In particular, how does the computational method using "Mathematika" described at the end of Joshua Hill's work ?
How can I make an algorithm for it, outside the "Mathematika" environment ?
Or is there some other simpler approximation to the formula ?

Just a quick note... it's "Mathematica" and you don't need the quotes every time.

Note that the title you gave the thread is more correct than your first line in that the paper talks about the specific case of normal random variables. I only bring it up because you mentioned in the other thread about the max of random variables that they're related and they are indeed related but that was talking in general for random variables with a common CDF that differ only by a location parameter.

Simulations are indeed easier to do than the mathematics behind it. The abstract manipulations of order statistics isn't too horrible if you're dealing with the min or the max but once you actually have a specific distribution to work with things can be ugly if you actually want to integrate.

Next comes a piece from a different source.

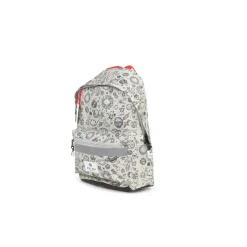 Sac à dos maternelle Rocket - 1 compartiment - gris - Pol Fox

It's a cdf rather than pdf, and it solves the problem of maximum also (for unocorrelated variables), as maximum = -minimum.
I don't know how to paste the integral here but it looks to me that the
part involving x, the test parameter, factors out of the integration.

So it reduces to something like:

p(x) = A . EXP ( - B . (X - M ) ^ 2 )

where A, B are problem specific constants (but not global constants) and M is the theoretical mean
of the variable x.
Can this be true ?

That's a fairly recent paper (published in May 10, 2010).